Randi Nygård in conversation with Timotheus Vermeulen

Deiviltlevande
The Wild Living Marine Resources Belong to Society as a Whole by Randi Nygård and Karolin Tampere

RANDI NYGÅRD AND TIMOTHEUS VERMEULEN
The Wild Living Marine Resources Belong to Society as a Whole
Artist talk

Does nature have other inherent values than potentially being a resource for us to use? Is society part of the ecosystem or the ecosystem part of society? Is it necessary to view ourselves as being outside of nature in order to manage it? Artist Randi Nygård reflects on her book The Wild Living Marine Resources Belong to Society as a Whole, co-authored with curator Karolin Tampere, in a conversation led by writer Timotheus Vermeulen. Titled after the Section 2 of the 2008 “Norwegian Marine Resources Act”, this new publication compiles a wide range of poems, essays, photos, articles, manifests and artworks that explore the intersection of law, nature management, and climate change.

Randi Nygård (b.1977) lives and works in Oslo. She graduated from Trondheim’s Academy of Fine Art in 2006. In 2014, Nygård was awarded the “Statens Arbeidsstipend”, Norway’s prestigious five-year working grant. Recent solo shows were held at Trøndelag senter for samtidskunst (Trondheim), YYZ Artists Outlet (Toronto, Canada), Tag Team Studio (Bergen), NoPlace (Oslo) and Akershus Kunstsenter (Lillestrøm). Nygård has also taken part in numerous group exhibitions internationally, including Kunstverein Springhornhof (Neuenkirchen, Germany), Bruce High Quality Foundation (New York), Fotogalleriet (Oslo), QB Gallery (Oslo), and Kunstnernes Hus (Oslo). Nygård has been an artist in residence at W17 Kunstnernes Hus in Oslo, the Nordisk kunstnarsenter in Dale, with Ensayos at Bruce High Quality Foundation in New York, and at URRA i Buenos Aires. She occasionally writes about art and nature and is a member of the international, interdisciplinary, and ecological project Ensayos.

Randi Nygård was the winner of our first Coast Contemporary Art Prize in 2018, granted in collaboration with Oslo Open.


Timotheus Vermeulen is a Dutch scholar and art critic. He is Associate Professor in Media, Culture and Society at the University of Oslo. Vermeulen writes on cultural theory, aesthetics, and close textual analysis of film, television, and contemporary art. Vermeulen is the author of multiple books and has edited various anthologies and special journal issues. His latest publication, jointly edited with Alison Gibbons and Robin van den Akker, is Metamodernism: historicity, affect and depth after postmodernism.

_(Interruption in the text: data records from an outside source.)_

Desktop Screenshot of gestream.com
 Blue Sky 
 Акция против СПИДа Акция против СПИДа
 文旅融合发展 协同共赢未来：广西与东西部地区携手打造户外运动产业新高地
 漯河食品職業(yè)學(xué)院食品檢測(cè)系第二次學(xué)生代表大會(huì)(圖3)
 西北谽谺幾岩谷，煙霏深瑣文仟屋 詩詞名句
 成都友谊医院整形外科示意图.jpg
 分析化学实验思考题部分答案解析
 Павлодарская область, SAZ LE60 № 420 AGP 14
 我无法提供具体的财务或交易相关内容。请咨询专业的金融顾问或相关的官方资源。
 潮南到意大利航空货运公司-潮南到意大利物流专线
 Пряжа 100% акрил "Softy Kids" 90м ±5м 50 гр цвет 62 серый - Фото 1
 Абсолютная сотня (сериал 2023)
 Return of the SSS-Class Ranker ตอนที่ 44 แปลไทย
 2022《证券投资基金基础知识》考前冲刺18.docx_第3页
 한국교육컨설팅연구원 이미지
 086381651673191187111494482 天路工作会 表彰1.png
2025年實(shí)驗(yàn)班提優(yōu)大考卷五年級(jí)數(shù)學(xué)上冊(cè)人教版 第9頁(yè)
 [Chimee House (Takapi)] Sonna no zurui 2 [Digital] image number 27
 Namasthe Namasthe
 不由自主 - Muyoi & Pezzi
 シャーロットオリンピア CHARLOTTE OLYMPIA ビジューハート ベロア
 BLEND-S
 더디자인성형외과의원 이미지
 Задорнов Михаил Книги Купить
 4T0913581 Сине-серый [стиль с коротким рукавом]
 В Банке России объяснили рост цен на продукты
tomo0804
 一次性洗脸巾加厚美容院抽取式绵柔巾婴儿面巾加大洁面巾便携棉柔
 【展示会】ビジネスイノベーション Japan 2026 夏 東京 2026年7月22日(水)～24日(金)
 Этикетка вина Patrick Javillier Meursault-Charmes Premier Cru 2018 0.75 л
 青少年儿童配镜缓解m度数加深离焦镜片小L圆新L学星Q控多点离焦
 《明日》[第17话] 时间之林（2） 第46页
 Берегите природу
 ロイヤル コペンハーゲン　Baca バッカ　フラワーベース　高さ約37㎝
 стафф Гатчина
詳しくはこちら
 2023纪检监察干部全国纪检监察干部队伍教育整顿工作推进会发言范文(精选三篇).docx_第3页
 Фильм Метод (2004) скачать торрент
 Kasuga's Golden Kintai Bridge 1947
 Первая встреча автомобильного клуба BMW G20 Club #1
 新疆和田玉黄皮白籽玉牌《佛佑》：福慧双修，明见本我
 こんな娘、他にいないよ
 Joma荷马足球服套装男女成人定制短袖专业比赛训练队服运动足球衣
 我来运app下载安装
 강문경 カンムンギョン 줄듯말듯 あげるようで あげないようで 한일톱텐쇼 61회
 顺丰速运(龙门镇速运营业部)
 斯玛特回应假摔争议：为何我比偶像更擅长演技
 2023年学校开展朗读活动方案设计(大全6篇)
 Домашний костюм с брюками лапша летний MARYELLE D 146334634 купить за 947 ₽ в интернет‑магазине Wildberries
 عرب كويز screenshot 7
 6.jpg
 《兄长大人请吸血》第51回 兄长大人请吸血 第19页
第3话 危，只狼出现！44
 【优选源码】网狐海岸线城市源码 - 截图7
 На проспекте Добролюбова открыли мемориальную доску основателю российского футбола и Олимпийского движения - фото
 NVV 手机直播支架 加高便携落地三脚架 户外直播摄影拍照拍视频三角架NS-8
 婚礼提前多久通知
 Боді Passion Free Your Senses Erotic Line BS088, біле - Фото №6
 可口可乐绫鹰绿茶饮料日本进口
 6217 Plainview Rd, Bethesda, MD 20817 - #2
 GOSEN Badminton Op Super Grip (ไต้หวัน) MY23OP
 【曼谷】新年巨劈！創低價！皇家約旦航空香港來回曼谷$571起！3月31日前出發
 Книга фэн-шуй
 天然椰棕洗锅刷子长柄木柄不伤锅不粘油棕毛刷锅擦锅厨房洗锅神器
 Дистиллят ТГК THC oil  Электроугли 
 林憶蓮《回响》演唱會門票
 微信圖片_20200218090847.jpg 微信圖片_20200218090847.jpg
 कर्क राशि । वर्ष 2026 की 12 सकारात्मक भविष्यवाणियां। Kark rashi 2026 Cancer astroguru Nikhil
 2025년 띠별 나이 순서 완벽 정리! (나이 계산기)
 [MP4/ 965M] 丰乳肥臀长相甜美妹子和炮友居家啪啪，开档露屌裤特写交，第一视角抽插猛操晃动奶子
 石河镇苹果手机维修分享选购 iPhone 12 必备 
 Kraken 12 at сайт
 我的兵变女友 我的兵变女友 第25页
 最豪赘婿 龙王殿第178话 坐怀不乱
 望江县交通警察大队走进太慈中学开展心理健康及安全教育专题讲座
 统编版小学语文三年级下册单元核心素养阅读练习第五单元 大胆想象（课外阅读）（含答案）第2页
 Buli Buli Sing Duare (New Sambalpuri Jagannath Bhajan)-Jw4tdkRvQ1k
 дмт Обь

He publishes in academic and popular contexts alike, writing for, amongst others, The Journal of Aesthetics and Culture, Screen, Monu, The American Book Review, e-flux, Texte Zur Kunst, Tank, Metropolis M, and De Groene Amsterdammer, as well as various reference works, collections and catalogues. He is also a regular contributor to Frieze. Vermeulen has served on numerous committees and juries for art prizes, most recently the Nam June Paik Award and the Bonner Kunstpreis. He is currently preparing a project on the use of fiction as method in contemporary culture.

Karolin Tampere (b.1978, Tallinn, Estonia) is the co-editor of the book. She is an artist and curator based in Lofoten. She is currently a curator at the North Norwegian Art Centre in Svolvær, and has a particular interest in interdisciplinary collaborative practices, sound art, and listening methodologies. Since 2004, she has regularly contributed to the forever lasting art project by Sørfinnset Skole/the nord land, and together with Åse Løvgren she initiated the ongoing collaboration Rakett in 2003. Tampere is part of Ensayos, a feminist research program through which artists, scientists, and local agents contemplate and engage in matters related to the political ecology of Tierra del Fuego in Chile. Her most recent writing appears in the British Council-commissioned 2018 publication Where Strangers Meet, on the work of Futurefarmes and Marjolijn Dijkman & Toril Johannessen, Liquid Properties, a project commissioned by The Munch Museum, 2018. Together with Torill Østby Haaland and Neal Cahoon, Tampere is part of Hilde Mehti´s curatorial team for LIAF 2019.